Scheduled Appearances

We have a lot to cover, so let's get right to it.

First of all, much props to the Football Gods. Yes we lost, but not for lack of opportunities. I mean, they gave the NFL MVP a concussion, thereby eliminating him and his wily running ways and we do nothing with it. Such is life with only 2 receivers, one of which isn't even a wide receiver. I think that if we get a good complement to Moss we'll be doing well next year. For now, I'm less excited about the post season now that the Colts and the Pats are out of it, but the Super Bowl still holds its usual junk-food and summer movie commercial filled allure so I'll be there regardless of the combatants. And by God, there will be Poppers.

As you are all well aware now, this site has not become synonymous with regular content. Oh sure, every week or so I drop by to blather on about things, but were there some sort of time keeping device that measured weeks, rather than seconds, I would not suggest you use this site to synchronize said device lest you end up with a horribly unsynchronized situation.

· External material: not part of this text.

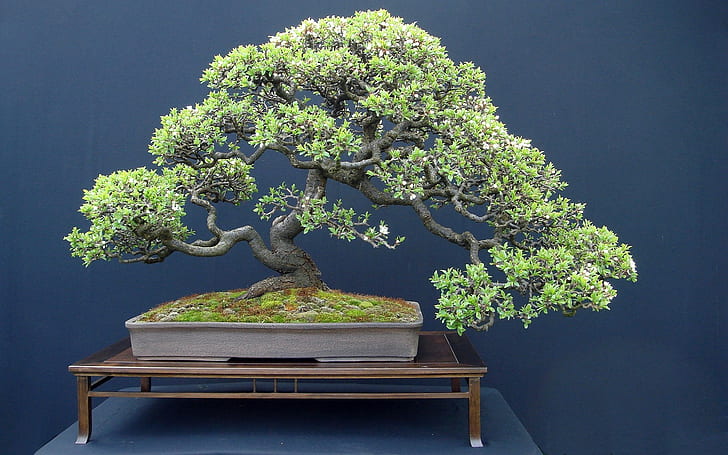 bonsai, Wallpaper HD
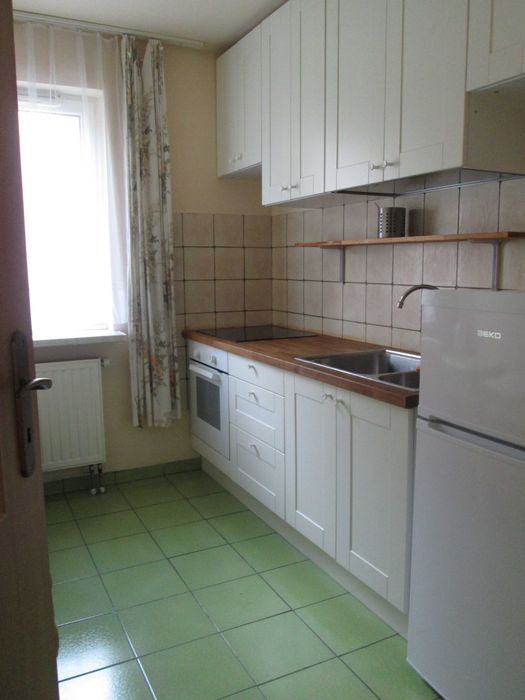 Kawalerka z osobną kuchnią i ogródkiem do wynajęcia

I am making moves to rectify this, but first, an explanation. I'd like to spin a tale now about personal woe and how after volunteering at the animal shelter and the retirement home, I barely have enough time to rehabilitate injured seabirds, but the fact is that I am a supremely lazy human being. I actually have reams and reams of ideas to write about, but the effort involved is something I can't be bothered with. That's not entirely true. I enjoy writing and knowing that the half-dozen of you actually read it, but I always find something else to do, something else being video games. Seeing as I have no plans to give up playing video games, I've decided to implement a schedule here at the homestead. Behold the majiks of the calendar!

I know that many bloggers, although I am loathe to call myself one of those, hate schedules because they like to update when the mood hits them. Well, at 33, I'm well aware of my failings, and being unable to do most things without at least a smidge of prodding is one of them. The schedule shall be that smidge. This will also give you, dear reader, assurances that when you come here on key days, there will be new content, glistening like a newborn, just without all the snot and horribly swollen genitalia.

This brings me to my next topic, which is what shall we be writing about? As you know, we cover a bunch of topics here, but my interests lie mainly with video games, and every other thing in my life that isn't video games. To that end, I'll have one post a week that focuses on video games, and one that doesn't. For those of you that don't care about video games, please don't take this as an excuse to not read my ramblings, because I can assure you that my posts about gaming will be filled with the same fluffy goodness as my other posts. That's like, a fuckload of fluffy goodness.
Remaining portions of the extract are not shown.